Rudy’s Mislaid Battle Plans
The New York Daily News reports on an unintended document leak from the Giuliani campaign:
It’s clearly laid out in 140 pages of printed text, handwriting and spreadsheets: The top-secret plan for Rudy Giuliani’s bid for the White House.
The remarkably detailed dossier sets out the budgets, schedules and fund-raising plans that will underpin the former New York mayor’s presidential campaign – as well as his aides’ worries that personal and political baggage could scuttle his run.
At the center of his efforts: a massive fund-raising push to bring in at least $100 million this year, with a scramble for at least $25 million in the next three months alone.
The loss of the battle plan is a remarkable breach in the high-stakes game of presidential politics and a potentially disastrous blunder for Giuliani in the early stages of his campaign.
The document was obtained by the Daily News from a source sympathetic to one of Giuliani’s rivals for the White House. The source said it was left behind in one of the cities Giuliani visited as he campaigned for dozens of Republican candidates in the weeks leading up to the November 2006 elections.

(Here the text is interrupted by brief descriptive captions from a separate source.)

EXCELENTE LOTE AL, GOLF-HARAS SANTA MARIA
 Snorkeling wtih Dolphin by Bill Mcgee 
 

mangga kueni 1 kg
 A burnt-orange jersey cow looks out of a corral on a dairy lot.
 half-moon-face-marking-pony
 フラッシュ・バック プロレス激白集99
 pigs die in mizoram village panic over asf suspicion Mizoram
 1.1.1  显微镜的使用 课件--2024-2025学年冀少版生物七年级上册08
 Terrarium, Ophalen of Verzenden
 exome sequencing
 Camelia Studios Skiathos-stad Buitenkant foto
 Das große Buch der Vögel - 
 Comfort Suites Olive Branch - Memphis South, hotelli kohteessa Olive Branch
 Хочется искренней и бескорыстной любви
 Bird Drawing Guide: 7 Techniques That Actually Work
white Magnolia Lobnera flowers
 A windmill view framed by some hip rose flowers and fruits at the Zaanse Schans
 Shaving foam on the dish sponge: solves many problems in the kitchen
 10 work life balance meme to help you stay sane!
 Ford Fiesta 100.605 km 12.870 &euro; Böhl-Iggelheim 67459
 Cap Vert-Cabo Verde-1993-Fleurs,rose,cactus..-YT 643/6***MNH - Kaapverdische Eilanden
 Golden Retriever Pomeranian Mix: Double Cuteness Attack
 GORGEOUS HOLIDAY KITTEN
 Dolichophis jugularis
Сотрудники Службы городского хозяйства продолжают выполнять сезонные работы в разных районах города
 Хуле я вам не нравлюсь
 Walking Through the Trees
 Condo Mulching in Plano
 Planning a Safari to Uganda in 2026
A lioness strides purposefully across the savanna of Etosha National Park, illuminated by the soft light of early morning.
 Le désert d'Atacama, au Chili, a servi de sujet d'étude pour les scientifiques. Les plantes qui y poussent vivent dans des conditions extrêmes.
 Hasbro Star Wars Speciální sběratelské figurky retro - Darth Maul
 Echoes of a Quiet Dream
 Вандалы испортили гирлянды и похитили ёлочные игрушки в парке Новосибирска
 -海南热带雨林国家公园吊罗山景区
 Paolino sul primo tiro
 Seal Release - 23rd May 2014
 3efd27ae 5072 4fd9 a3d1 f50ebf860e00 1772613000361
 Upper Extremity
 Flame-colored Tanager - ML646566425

…Giuliani leads most public opinion polls of Republican primary voters though he has not announced his candidacy for President. But the dossier, which envisions spending more than $21 million this year alone, shows that Giuliani began meeting with potential supporters last April and that by October, his staff had put in place a detailed plan for a serious bid for the presidency. But they also depict a candidate torn between his prosperous business and a political future full of both promise and risk.
One page cites the explicit concern that he might “drop out of [the] race” as a consequence of his potentially “insurmountable” personal and political vulnerabilities.
On the same page is a list of the candidate’s central problems in bullet-point form: his private sector business; disgraced former aide Bernard Kerik; his third wife, Judith Nathan Giuliani; “social issues,” on which is he is more liberal than most Republicans, and his former wife Donna Hanover.
The story is of more interest for its confirmation that Rudy is almost certain to run than for its ‘revelations’ of Rudy’s issues. As Tom Bevans says:
The document is a bit of an embarrassment for Giuliani, but Smith overhypes it by characterizing it as a “potentially disastrous blunder.” After all, the four issues cited in the memo as potential problem points for Rudy’s candidacy (his private business, his relationship with Bernie Kerik, his third-wife, and his liberal positions on “social issues”) are hardly surprising. Whether those issues end up scuttling his bid is anyone’s guess, but it’s not like the document revealed some crippling secret.

Which of the candidates that will oppose Rudy don’t already know about these issues? Which of those wouldn’t try to use these issues to their own campaign’s advantage? Assuming he will have to answer for these issues, wouldn’t Rudy like to have them come up early in the campaign rather than late?
I smell a crafty move by Mr. Giuliani!
I think “too many steves” has hit the nail on the head. My first impression was that this was all planned.